We were actually staying in a small village outside town called Burnett heads. It is very quiet, close to the ocean and a stones throw from our departure point to Lady Musgrave Island. It’s highly recommended if you are just up here for the tour. Our Airbnb hosts Gabby and Ian were lovely, and the house was immaculate, well equipped and clearly had a lot of love thrown into it.
Our tour was not until the Saturday, so we had a full day to chill out around the amazing house, use the pool and go for a walk up the coast. One thing I would watch out for is the Mosquitos. They are huge, bite day and night and will itch like mad if you get bitten.
Onto the main event…literally.
It was an early and grey start to jump on the boat to Lady Musgrave. It’s around 90km offshore and took just over 2 hours to reach. There isn’t a lot to see en-route, except the odd dolphin pod and if you are really lucky, Humpbacks.
Lady Musgrave pops up out of the horizon quite late into the journey because it really isn’t very high. The waters are unbelievably clear and shallow. We transferred to the island itself on a glass bottomed boat.
Being a coral island it has a unique ecosystem. Here the trees provide valuable nesting space to the Noddy Terns that swarm the island, there are no predators here so the birds have no fear of people and will happily let you stand next to their nests while they sit there.

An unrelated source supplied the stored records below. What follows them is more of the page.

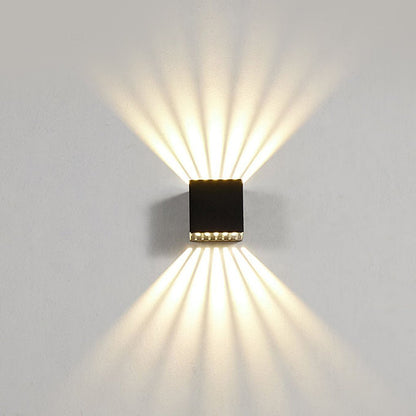 Creative LED Up and Down Wall Light – Modern Waterproof Outdoor Wall Sconce Lighting for Porch, Patio & Building Facade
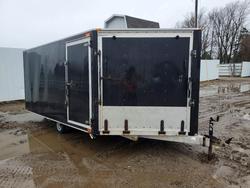 Salvage trucks for sale at Davison, MI auction: 2008 Unknown 2008 R&R Enclosed Snowmobile Trailer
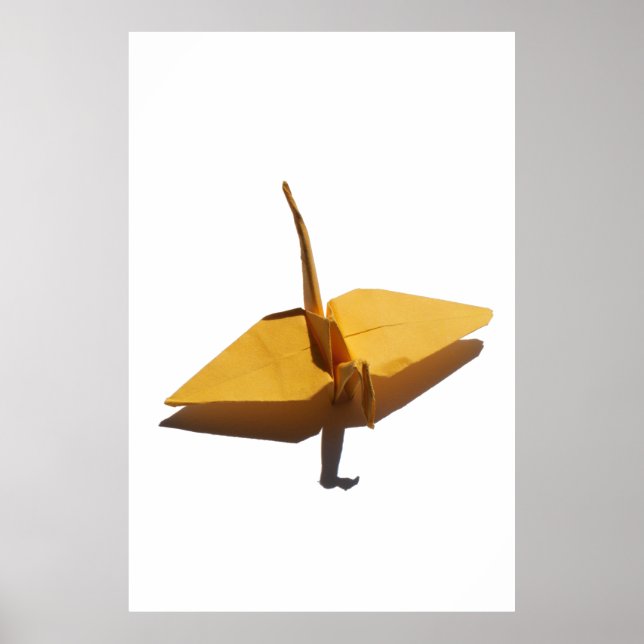 decorative wall art poster , lucky origami crane (Front)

The nutrient cycle is brutal. The island has no topsoil so to fertilise the soil the trees produce sticky seeds, which unfortunate terns get caught up in. When they can no longer fly they die of starvation , their nutrients being returned to the soil for the trees to absorb. Yummy!
After a walk around the island, we got transported back to Main Event for a spot of lunch and some snorkelling.
The coral is quite badly bleached here now, but small pockets remain intact, and there are still a lot of fish to see. If you are lucky you can see some turtles, they can move with surprisingly speed when startled.
Overall, a grand day out. For what you get it’s also pretty good value.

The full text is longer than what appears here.